Filling the Strategic Petroleum Reserve won’t happen overnight

 

“We’re going to fill it right up to the top.”

That’s what President Trump said Friday at the White House as he announced orders for the Department of Energy to buy crude and fill the nation’s Strategic Petroleum Reserve, a move that might help the struggling industry in the oil price war.

While the nation’s oil and gas industry had urged the move, it doesn’t mean the Reserve will be filled overnight. Far from it. Instead, it might take months. But one Energy Department spokesman said purchases could begin in two weeks.

Even with the President’s orders, the purchase of nearly 77 million barrels of oil has not started and won’t be until the Energy Department gets approval of congress to pay for the estimated $2.7 billion bill.

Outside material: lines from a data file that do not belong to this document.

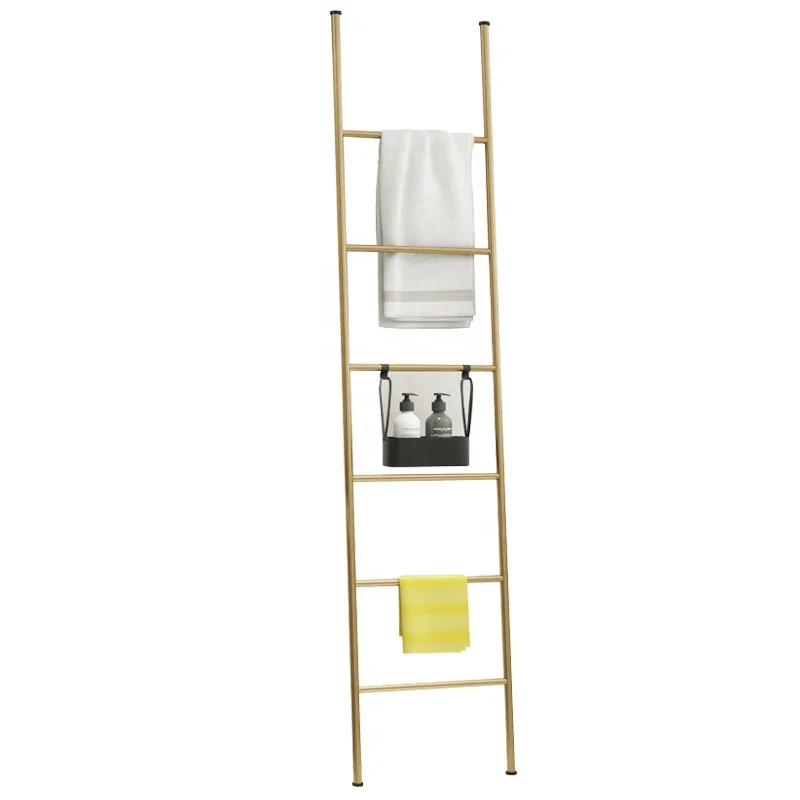 Modern Leaning Ladder Shelf For Bathroom Coat Rack Metal Hangers Gold Towel Drying Rack
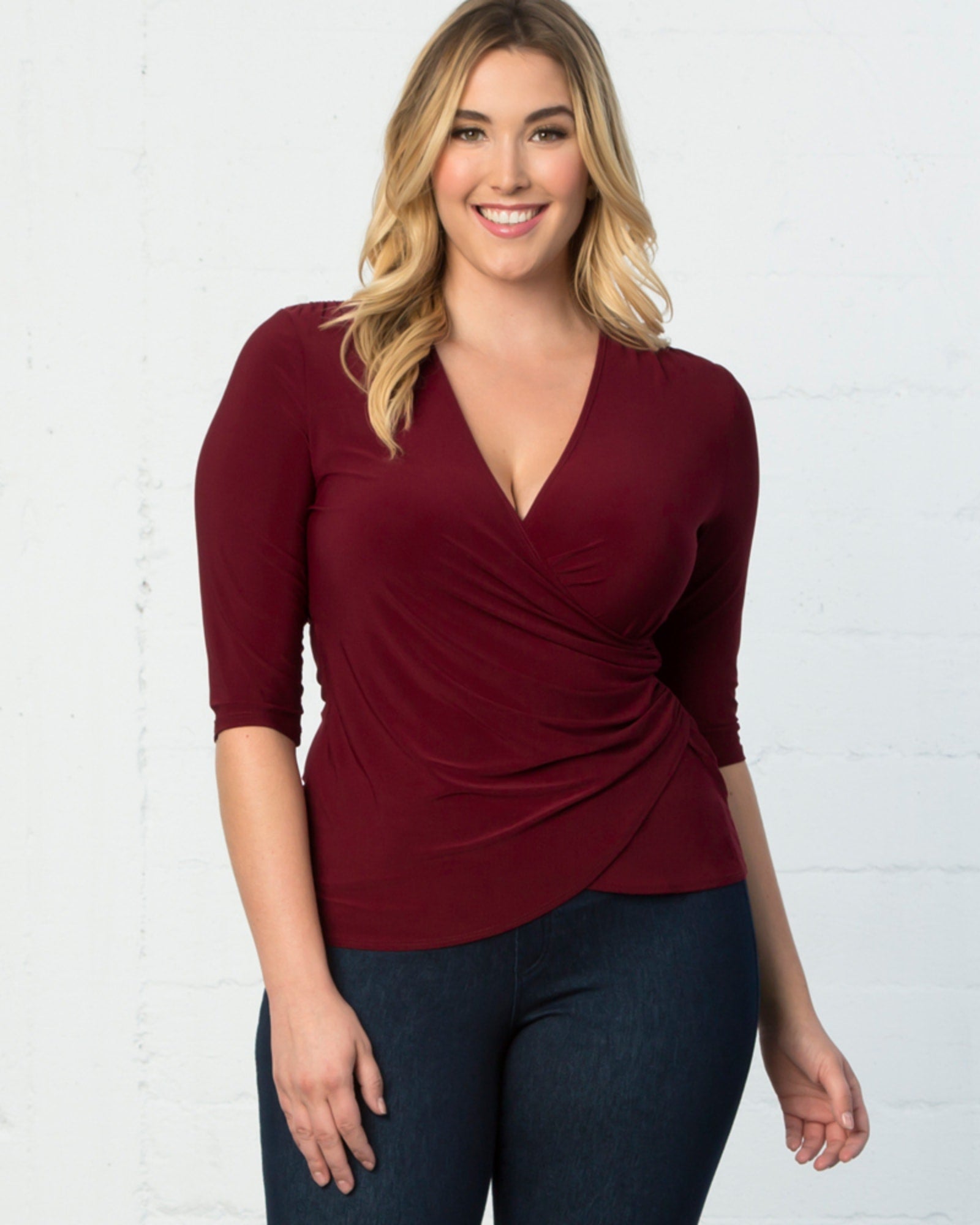 Red Deep Plunge Top
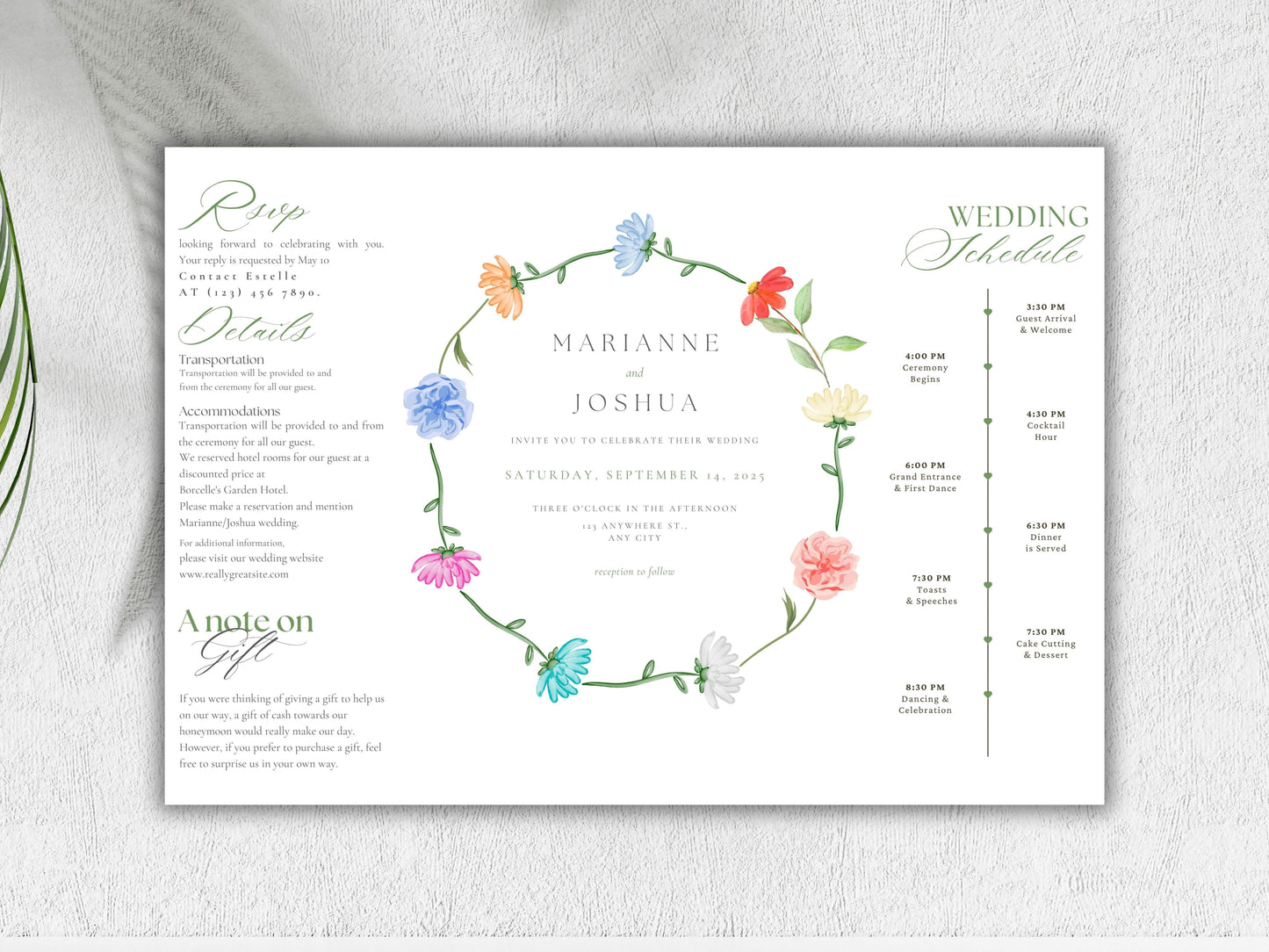 Elegant Gatefold Wedding Invitation | Floral Folded Invite | Printable Wedding Template | RSVP & Details Card | Editable PDF. WI134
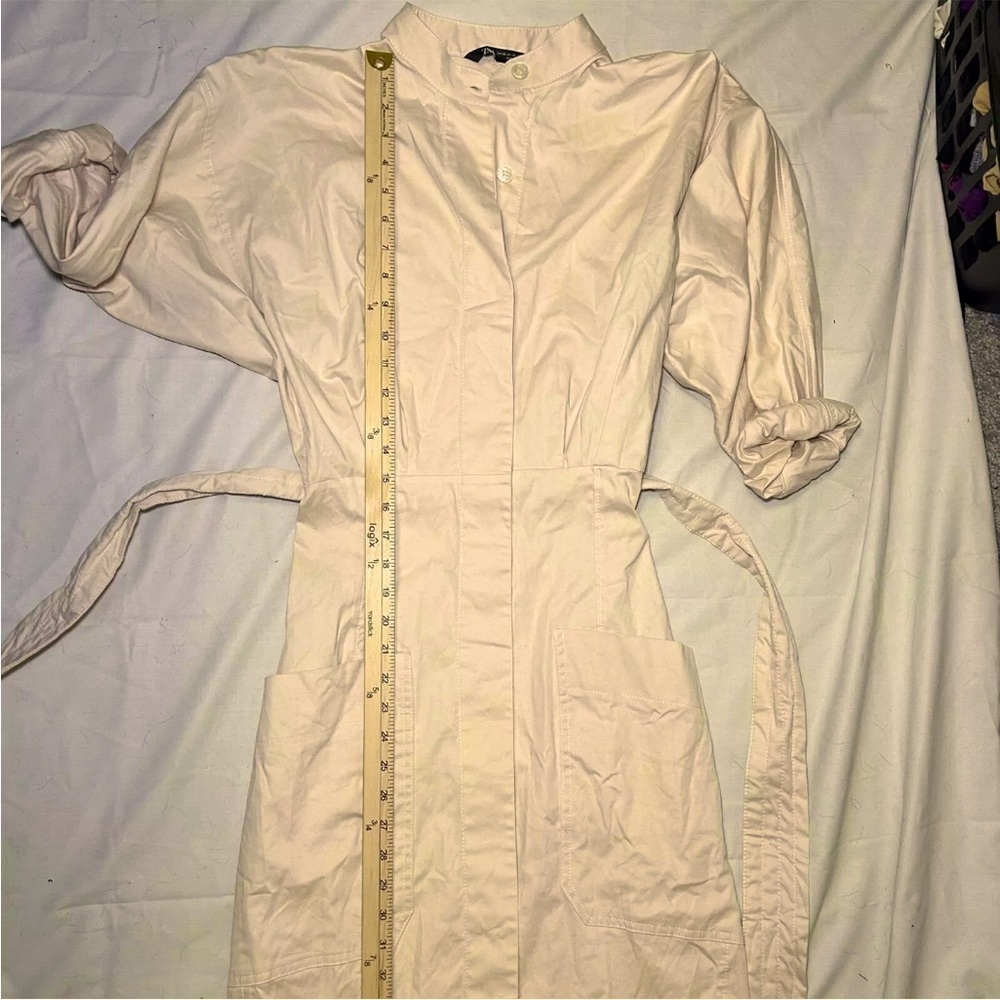 Zara Women's Tan Long Sleeve Belted Shirt Dress Size S - Picture 5 of 6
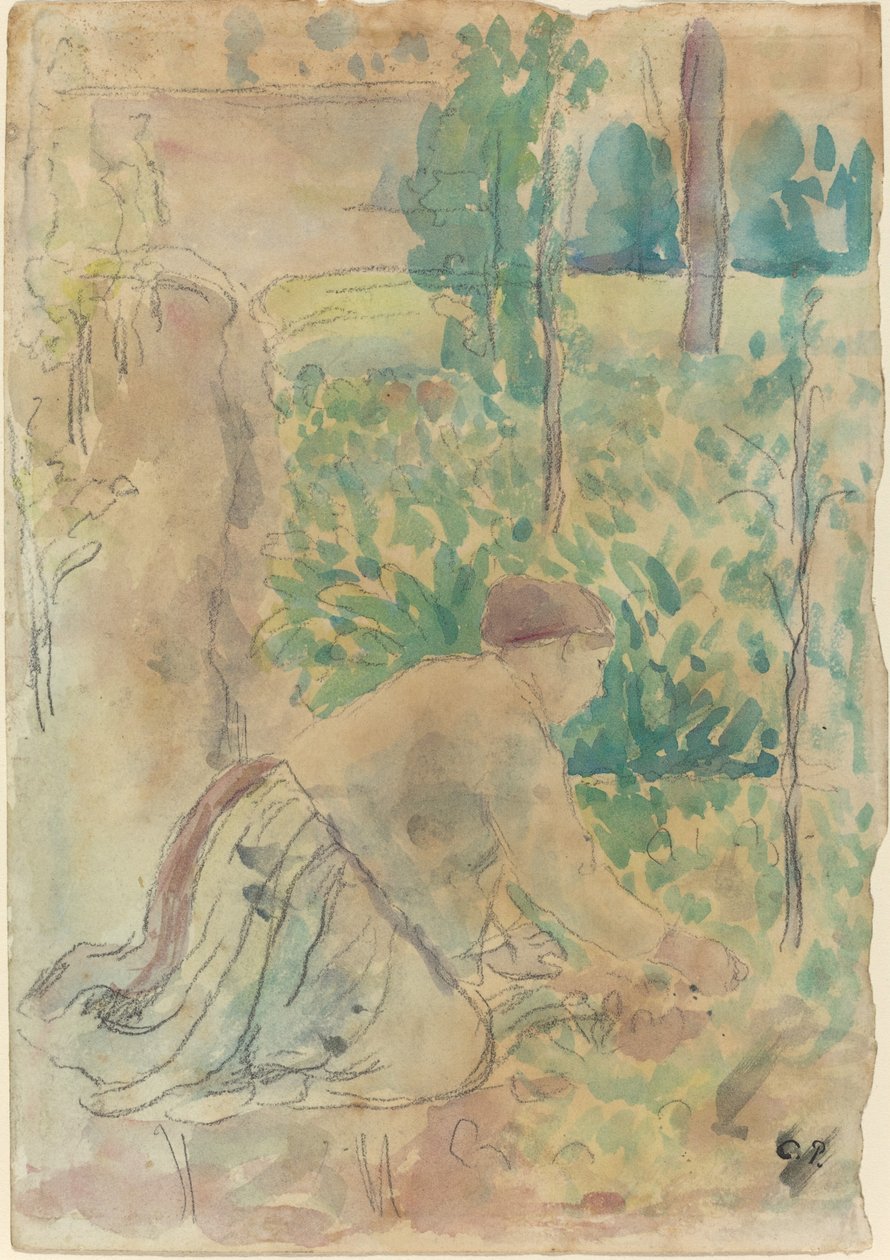 Žena pracující v zahradě,. od Camille Pissarro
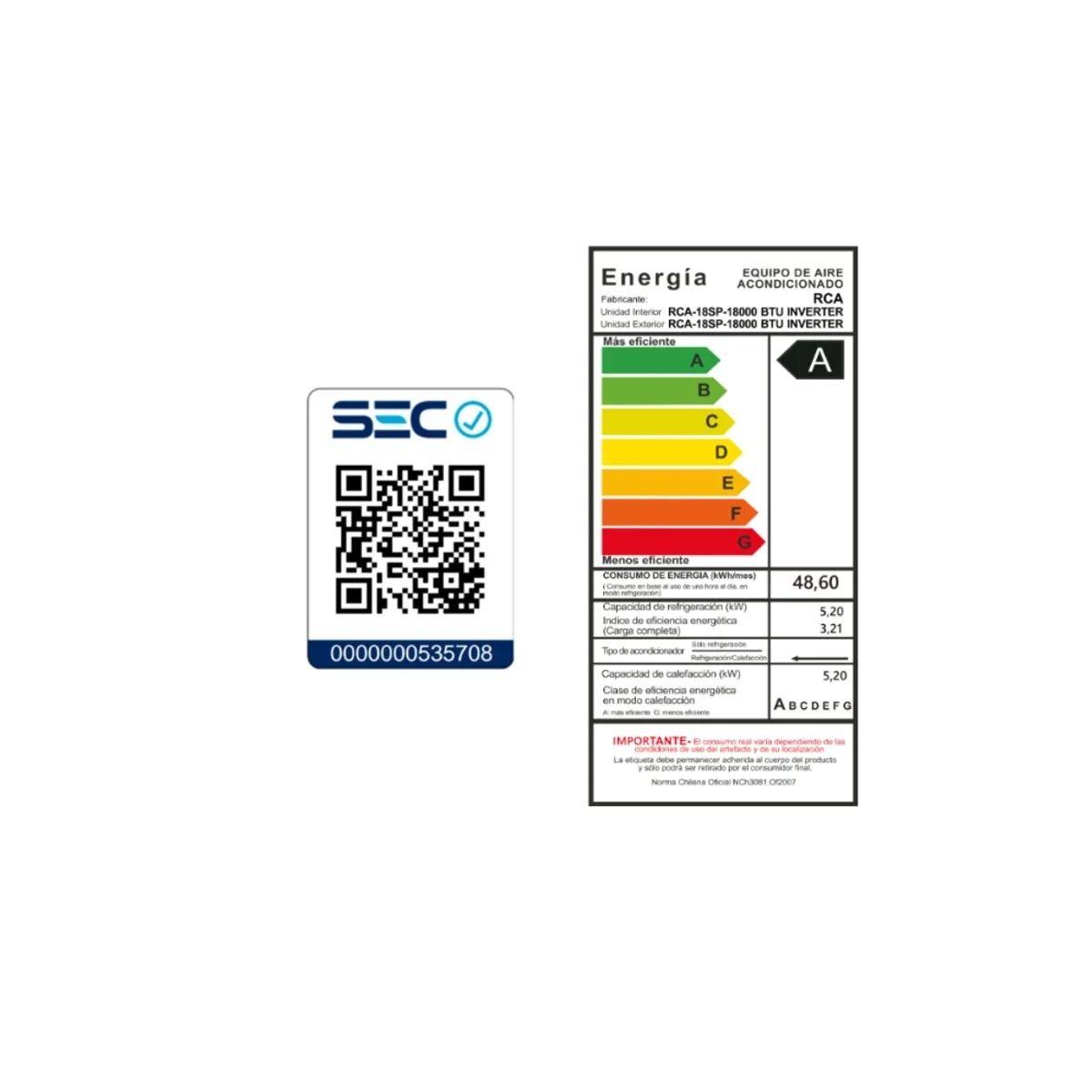 Aire Acondicionado Split Inverter RCA 18SP 18.000 BTU-4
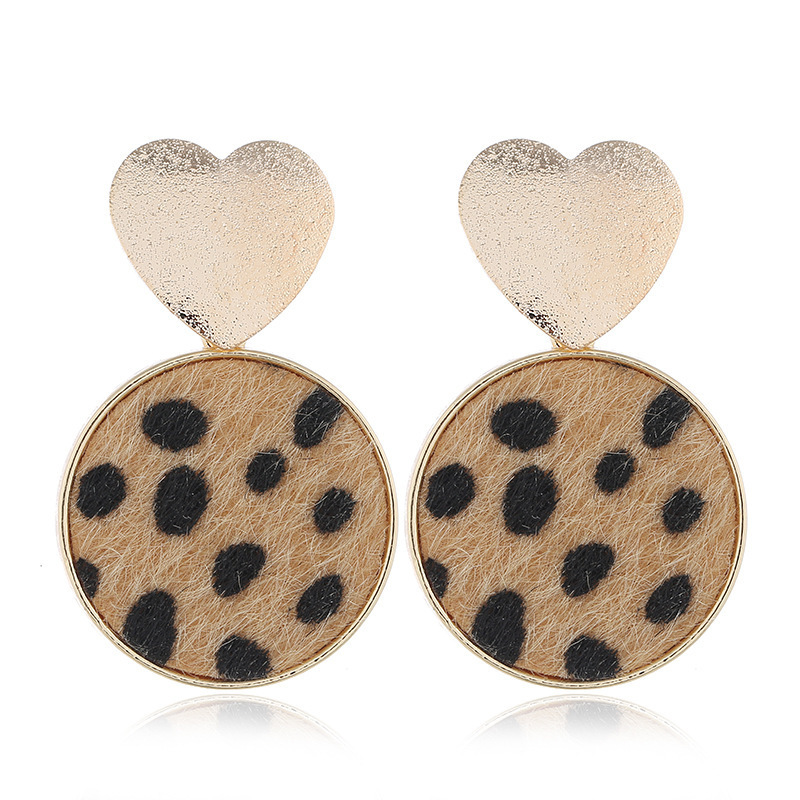 Wholesale Imitation Horsehair Leopard Print Leather Patch Earring Alloy Gold Heart Earrings 3 Colors Options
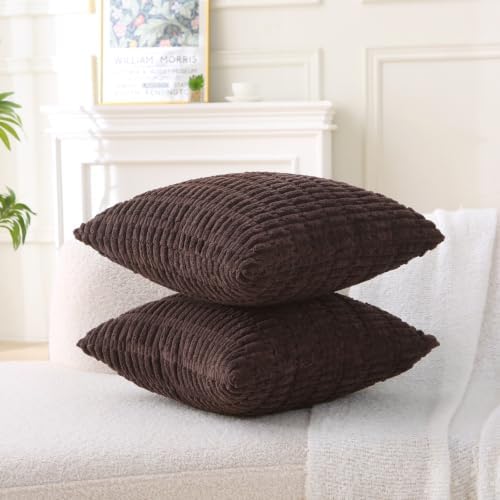 2 Pack Corduroy Decorative Throw Pillow with Inserts, 18x18 Inch Soft Boho Throw Pillow, Square Striped Throw Pillows for Couch, Bed, Sofa Decor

Analysts say it could take from six months to another year for the Strategic Reserve to be filled up to the top as the President wants.

And that doesn’t mean there won’t be push back by some in Congress to the oil purchase efforts of the trump administration.

“If, as we believe, the DOE must go to Capital Hill to execute the President’s directive, we continue to anticipate push back from fossil fuel skeptics on Capitol Hill,” said Kevin Book, an analyst with ClearView Energy. “If fossil foes do not agree to a deal to purchase SPR crude, we would not rule out an interim outcome that legislative delays or halts congressionally mandated SPR sales beyond the end of FY 2020.”

There is also the issue of whether the government would buy the light,sweet oil in the U.S. while some of the space in the Strategic Oil Reserve might be outfitted to handle other varieties normally imported by the U.S.